It's led to some creativity as business owners tried to reach customers at home. But now that they can re-open again, it's also led some to shift or re-think their current business model.
"It's been a real treat for us to see customers walk through our door again, I think it's what everyone needed," said Stitch & Stone owner Gabrielle Roy. "I think everyone needed to get out a little bit and we're allowed to see our favourite customers so it's been a real treat."
It's also going to mean a shift in how they do business.
Stitch & Stone had been operating out of two storefronts, but online sales have recently taken off.
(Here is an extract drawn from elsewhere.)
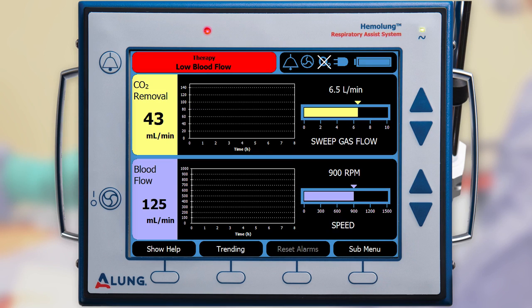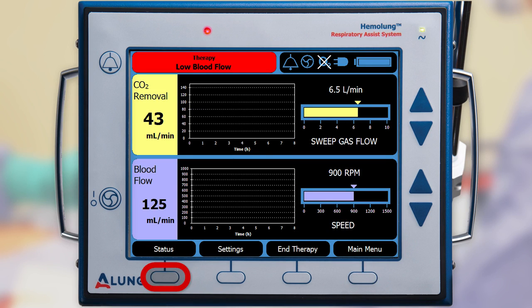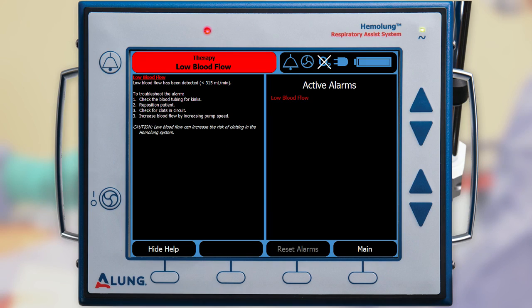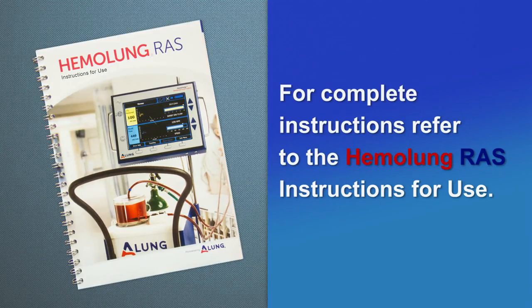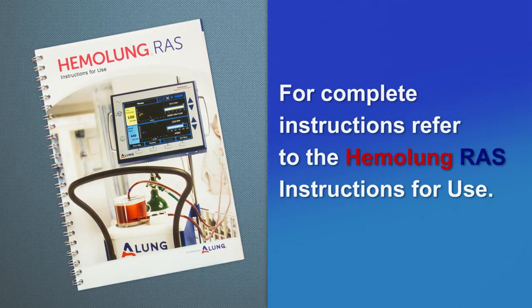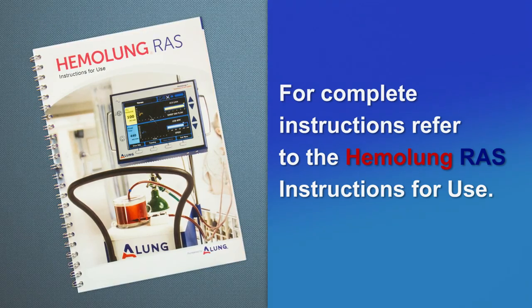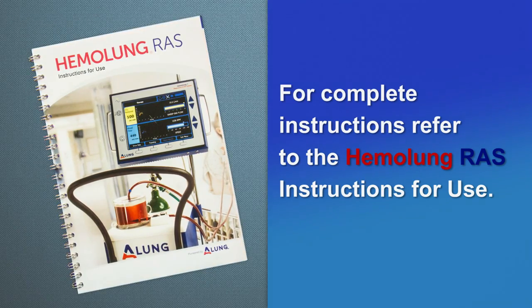To view all active alarms, press submenu followed by status. To view alarm help text, press Show Help. For complete instructions, refer to the Hemolung RAS instructions for use.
Due to challenges they faced downtown and a 70 per cent reduction of walk-in traffic to their Cedar Street location, they're going to be closing it in favour of spending their time and energy at one store and the website.
Downtown in trouble
"Our downtown is also in trouble, not to shine any negative light on it," Roy said. "I think there's some work that has to be done down there so that combined with our lease being up this year and our online store doing so well, the stars lined up for us and it was time to make that decision."
Roy said they have a dedicated clientele so she's hopeful people will visit their other location on the Kingsway.
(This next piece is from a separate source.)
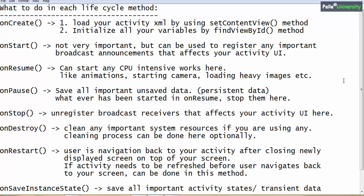In onStart, it's not a very important method, but you can use it to register any important broadcast announcements that affect your activity's user interface. As of now, don't worry too much about this method, because we haven't covered broadcast announcements yet — you can omit this method for now.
"We're grateful to be open right now, we're grateful for today and for us, it's really one day at a time and just keep on shifting as we need to," she said.
It's a similar story downtown at Reg Wilkinson Men's Wear, whose owner, Todd Wilkinson, told CTV News they were happy to be able to open the doors last week.
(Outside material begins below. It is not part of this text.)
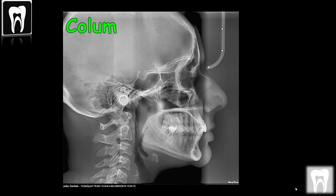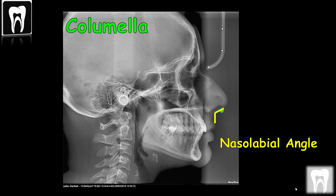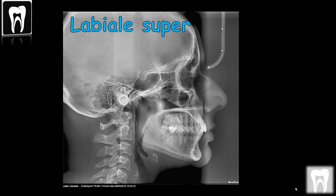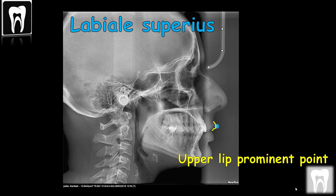Columella is the inferior point on the soft tissue contour of the nasal labial angle. It reveals the anterior part of the angle. Subnasal is the midpoint on the nasal labial soft tissue contour between the columella crest and the upper lip, or the vertex of the nasal labial angle. Labial superius is the midpoint of the vermilion line of the upper lip, or the most prominent point of the upper lip.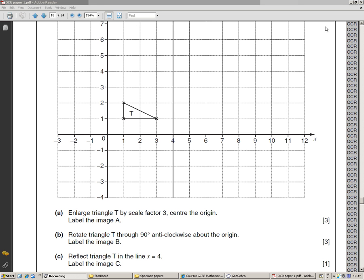Here's a typical GCSE Foundation question on transformations. We have been given a shape T and we're asked to enlarge it, to rotate it, and to reflect it. Three of the four transformations of GCSE Mathematics Foundation.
"It's been pretty good so far, it's always painful to be closed as long as we have been since Boxing Day, but we just opened a week ago and it's been a breath of fresh air," Wilkinson said. "A lot of our customers are happy to see us, we're happy to see them and I just hope Sudbury can keep up the good work."
Wilkinson said they, too, have made a push toward online sales and as a result, have noticed an upward trend in sales.
"We've always had an online presence, but as of last April, we've really beefed it up and we now have over 2,000 items online and we're shipping product all over the country," he said.
'Everyone's got a nice smile on'
"I think everyone's been shut down for long and pent up at home that it's nice to see them come out and we've had some nice traffic last week, including a big push on Saturday and everyone's got a nice smile on so we're happy to see them back."
That the closure of the Stitch & Stone storefront will mean another vacancy is something that hasn't escaped the attention of Downtown Sudbury.
The local BIA said they're pleased to see businesses doing well during this time and they're hopeful the city won't have to endure another lockdown.
"So our board of directors is taking this time as we speak, literally, taking a look at recovery and how can they be most helpful to our existing members but also our property owners that are experiencing the vacancies and how we can attract and recruit new businesses," said executive director Maureen Luoma.
Luoma said Downtown Sudbury is pleased to see their members are reopening and they're impressed with some of the ingenuity that's been used to attract a new customer base.
She and the other owners said they are seeing more of a trend to shop local and they're hopeful that is something that will continue.